Büyük bir vatan mücadelesi örneğinin sergilenmesi nedeniyle II. Dünya Savaşı’nın SSCB’deki adlandırılması olan Büyük Vatan Savaşı, ülkeyi hakimiyeti altına aldığı dört yıl boyunca Sovyet kahramanlığının, cesaretinin ve özverisinin yanı sıra yönetimin uygulamaya koyduğu bir dizi politikayla da tarih kayıtlarındaki yerini alır. Stalin önderliğindeki Sovyetler Birliği, aniden karşılarına dikilen Hitler komutasına karşı büyük bir direnç gösterebilmek adına önlerine çıkabilecek tüm ihtimalleri, aldıkları bazı önlemlerle bertaraf etmeye çalışır. Bu uygulamalardan başlıcası, kökeni Alman olup atalarının çok eski dönemlerde Rusya’ya adım atmalarıyla burada yaşamaya başlayan Sovyet-Alman halkının Nazi güçlerine yardım etme olasılığına karşılık kontrollü bölgelere sürülmesine ilişkin çıkarılan kararnamedir. Her ne kadar savaşın ülke genelinde ilan edildiği andan itibaren söz konusu halk, uzun yıllardır yaşamını sürdürdüğü ve bu nedenle öz vatanı benimsediği Sovyetlerin safında mücadele etmek için seferber olmak istese de onların bu yardım talepleri göz ardı edilir ve köklerinden koparılarak göç etmeye zorlanırlar. Yeni yerleşim yerlerinde pek çok sıkıntıyla karşılaşan ve çeşitli uygulamalara kurban edilen, ancak yine de Sovyetlerin yanında Nazilerle savaşmak için mücadele veren bu halk, bahsi geçen dönemi bizzat yaşayan ve kendilerini ‘karma evlilikten doğan çocuklar” olarak niteleyen Sovyet-Alman yazar Hugo Wormsbecher’in Avlumuz ve Zafer İsim Getirecek isimli uzun öykülerinde tüm yönleriyle ön plana çıkar. Savaşın Sovyet-Alman halkı üzerindeki yansımasını açığa çıkaran eserleriyle Wormsbecher, kendisinin de bir parçası olduğu bu toplumun mücadele yılları boyunca karşı karşıya kaldığı haksız muameleye ve tutuma kurgusal boyutta ışık tutarak araştırmacılara, hakkında pek fazla çalışma bulunmayan bu döneme ait kaynakların sayfalarını aralar.
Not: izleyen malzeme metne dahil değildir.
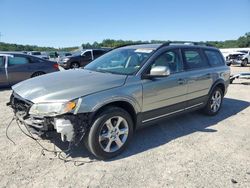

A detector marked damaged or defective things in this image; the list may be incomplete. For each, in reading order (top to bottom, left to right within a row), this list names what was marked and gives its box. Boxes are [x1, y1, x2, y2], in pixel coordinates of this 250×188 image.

Due to the exhibition of a great example of homeland struggle, The Second World War, which is the named as the Great Homeland War in the USSR, takes its place in the historical records with heroism, courage and devotion of the Soviet people during four years of its domination, as well as with series of policies implemented by the administration. The Soviet Union, under the leadership of Stalin, tries to eliminate all the possibilities with some precautions in order to show great resistance against the Hitler command that suddenly stood against them. The most important of these practices is the decree issued regarding the deportation of the Soviet-German people, whose origins were German and who started living there after their ancestors stepped into Russia in ancient times, to the controlled areas in return for the possibility of helping Nazi forces. Although, from the moment the war was declared throughout the country, these people mobilized to fight on the side of the Soviets, whose lives for many years and therefore adopted their homeland, their demands for aid are ignored and they are forced to emigrate from their homelands. This people, who faced many difficulties in new settlements and were sacrificed to various practices, but still struggling to fight the Nazis alongside the Soviets are detally described in the long stories Our Courtyard and Victory Will Bring Name of Soviet-German writer Hugo Wormsbecher, who lived this period himself and described themselves as "children born from mixed marriages". With his works that reveal the reflection of the war on the Soviet-German people, Wormsbecher sheds light on the unfair treatment and attitude that this segment of which he is a part faced during the years of struggle in a fictional dimension, and searches the pages of sources belonging to this period, for which there are not many studies on them.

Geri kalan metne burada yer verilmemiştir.